Numerous studies have reported that object transportation using a robotic system is feasible and efficient [1]-[10]. The related studies can be classified into three categories. First, the mobile robot(s) are connected to an object through additional actuators for transporting the object. Inglett and Rodríguez-Seda [1] and Morishita et al. [2] proposed a method for clamping an object using a pair of differential-wheeled mobile robots for cooperative transportation. Wada et al. [3][4] proposed an omnidirectional transport system using differential-wheeled mobile robots equipped with passive casters and actuators coupled to an object. Korayem and Dehkordi [5] proposed multiple mobile robots equipped with robotic arms for gripping objects. The robots in this category can firmly couple with the object using additional actuators; however, the control method becomes more complicated, significantly increasing the manufacturing cost and overall weight.

The second category relies on a storage structure without actuators, which establishes a physical connection with mobile robots and places the object in the designed structure for transport. Hunte and Yi [6] employed three mobile robots to transport objects placed on a deformable sheet collaboratively. Huang and Zhang [7] proposed a system wherein two robots were connected by a ball-string-ball structure to transport objects. This method is suitable for objects with different shapes and can simultaneously transport several objects. However, the handling structure may disintegrate when robots carry heavy loads, reducing the system’s efficiency. This method cannot achieve precise control of the position and orientation of an object.

The final category uses highly scalable swarms of robots with a caging strategy. Rangsichamras et al. [8] and Yamamoto et al. [9] divided robots into leaders and followers. The entire system would be controlled by the leader to fulfill the transport tasks.

Thus, various strategies have been proposed for transporting an object with mobile robots. However, recent studies significantly rely on additional actuators and are not effectively scalable. Therefore, several challenges remain in this field [10].

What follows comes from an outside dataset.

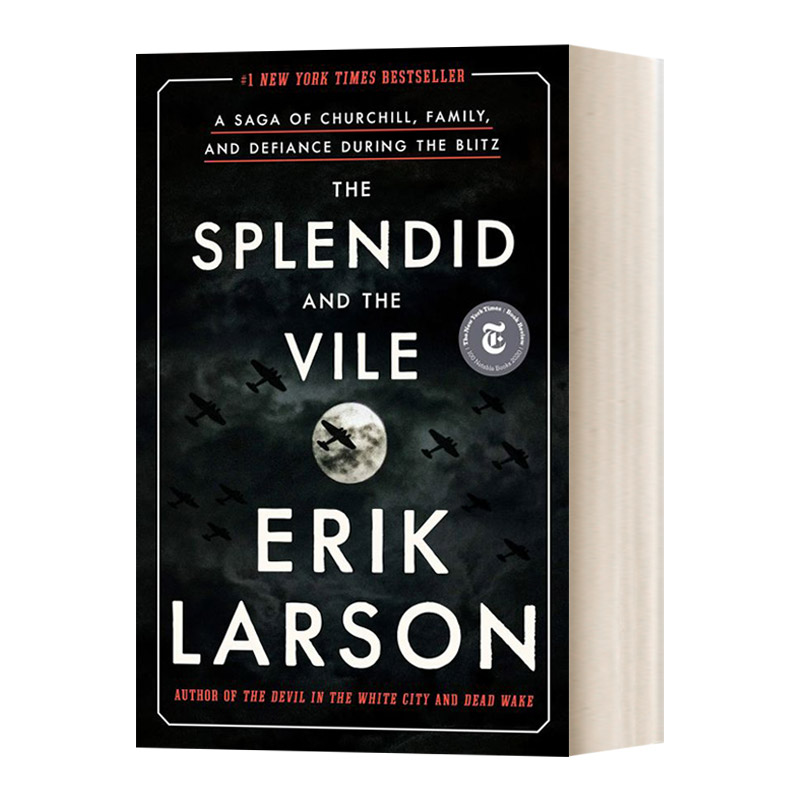 英文原版 The Splendid and the Vile 辉煌与邪恶 闪电战期间的丘吉尔家庭和反抗 精装 英文版 进口英语原版书籍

This study investigated object transportation using multiple mobile robots. The transport strategy is divided into three phases: first, the robots couple with the object, and subsequently, move to a goal position by tracking a given path, and finally, decouple from the object, as shown in Figure 1. Previously [11], we investigated the coupling and decoupling configurations of an object and robots, in which the robots could couple/decouple with/from an object without any actuators. This paper presents a kinematic control method for the second phase, which transports the object along given paths.

Figure 1:

Procedure of the object transportation using multiple mobile robots

First, a leader–assistant robot system is introduced. The leader is the robot guiding the object to track a given path, whereas the assistants are the remaining robots that provide the force to move the target object. A kinematic control method is proposed to track a given path through this leader–assistant robot system scheme. Therefore, a kinematic model is formulated based on the velocity constraints at the coupling points, and a straight-line path-tracking control method using the kinematic model is presented. The control method consists of two parts: one controls the leader’s heading angle to track the path, and the other controls the position of the object. The motions of the assistants were automatically determined based on kinematic relationships.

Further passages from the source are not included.